Greek Yogurt Latecomer Danone Eats Chobani's Lunch

Danone, a latecomer to Greek yogurt, is eating Chobani’s lunch
Photograph by Michael Werner

Just two years after releasing its first product in 2007, Chobani became the biggest U.S. seller of Greek-style yogurt, which has more milk solids and a sharper taste than the conventional variety. This is not the kind of success that goes unnoticed by Danone, the world’s largest yogurt maker.
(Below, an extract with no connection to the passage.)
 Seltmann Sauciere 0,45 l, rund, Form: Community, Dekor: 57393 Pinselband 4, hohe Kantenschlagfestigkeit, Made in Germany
After being blindsided by the upstart, the French food giant has fought to take back the dairy section with Greek-style products from its own Dannon Oikos brand. A marketing blitz included a pricey Super Bowl ad, and it’s given out samples at store promotions. The success of Danone’s belated push to slow Chobani’s momentum and narrow its lead in Greek yogurt is a testament to how an established player’s marketing heft can trump a newcomer’s first-mover advantage.
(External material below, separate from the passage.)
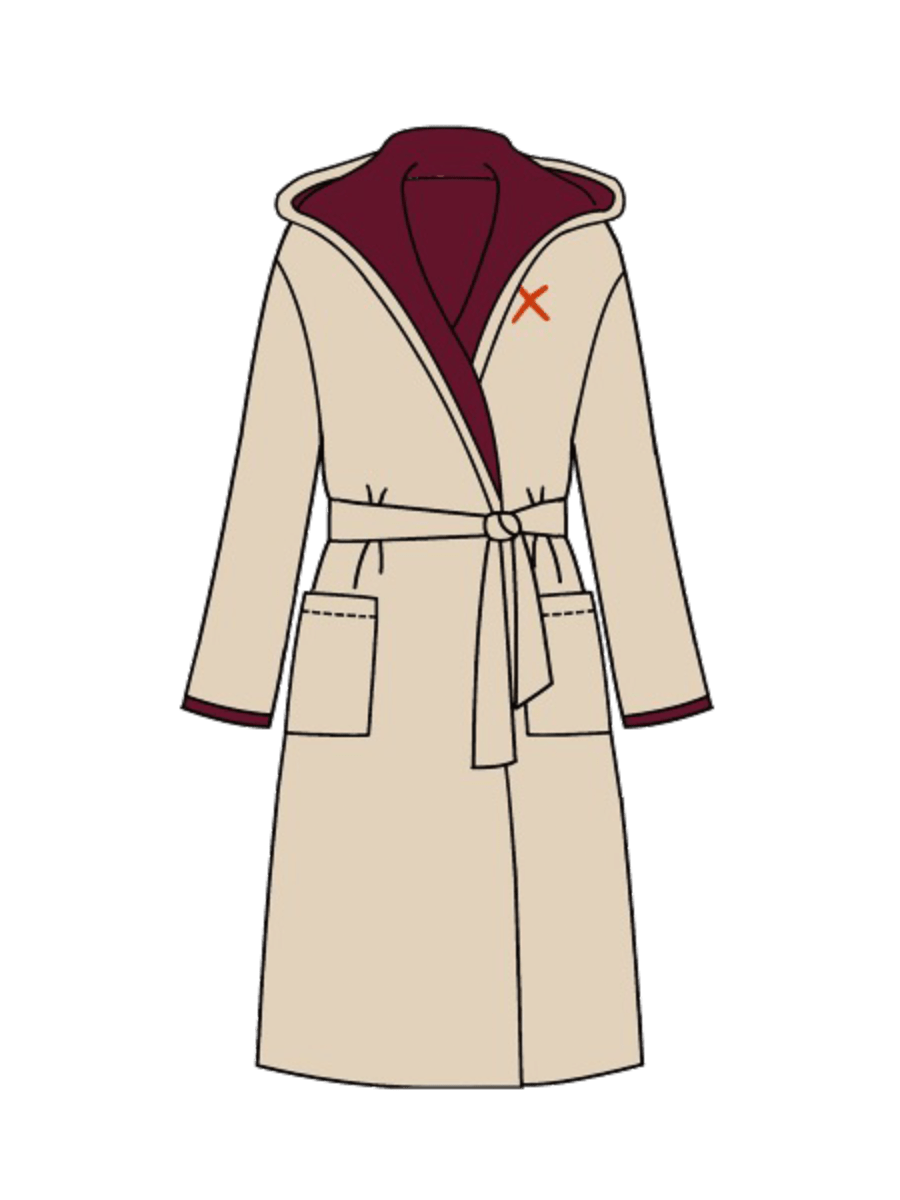 UNIO Hamburg FROTTIER VIVARA - KAPUZENMANTEL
Danone put a picture of an ancient Greek colonnade on every package and cast Greek-American actor John Stamos in its Super Bowl ad to boost its Hellenic bona fides. Oikos sales increased 165 percent in the 12 months through May 2013, according to researcher Mintel Group. Although Mintel estimates that Chobani’s sales rose more than 20 percent in the same period—it still leads the segment—Sanford C. Bernstein says it has lost share for 18 straight four-week periods.

Since the Oikos expansion began in 2011, Chobani’s share of the Greek yogurt market has fallen from almost half to 39 percent, while Danone’s has jumped from 18 percent to 29 percent, according to Bernstein. Athens-based Fage Dairy Industry’s brand is far behind at 8.5 percent. “It’s a two-horse race,” says Joe Pawlak, vice president at food industry researcher Technomic. “Chobani is the leader, and Danone has the marketing muscle.”

Winning in the $7.6 billion American yogurt market requires winning in the Greek segment, which will account for more than half of U.S. yogurt sales within six months, Bernstein estimates. To extend its brand’s reach, Danone has rolled out Oikos yogurt dips in flavors such as cucumber dill and French onion and is launching a trial of Oikos frozen yogurt. “What has happened in the U.S. is an indication of Danone’s perseverance,” says Jon Cox, head of European consumer equities at Kepler Cheuvreux in Zurich. After missing the beginning of the Greek yogurt trend, “they’ve shown that when they see the problem, they move very quickly.”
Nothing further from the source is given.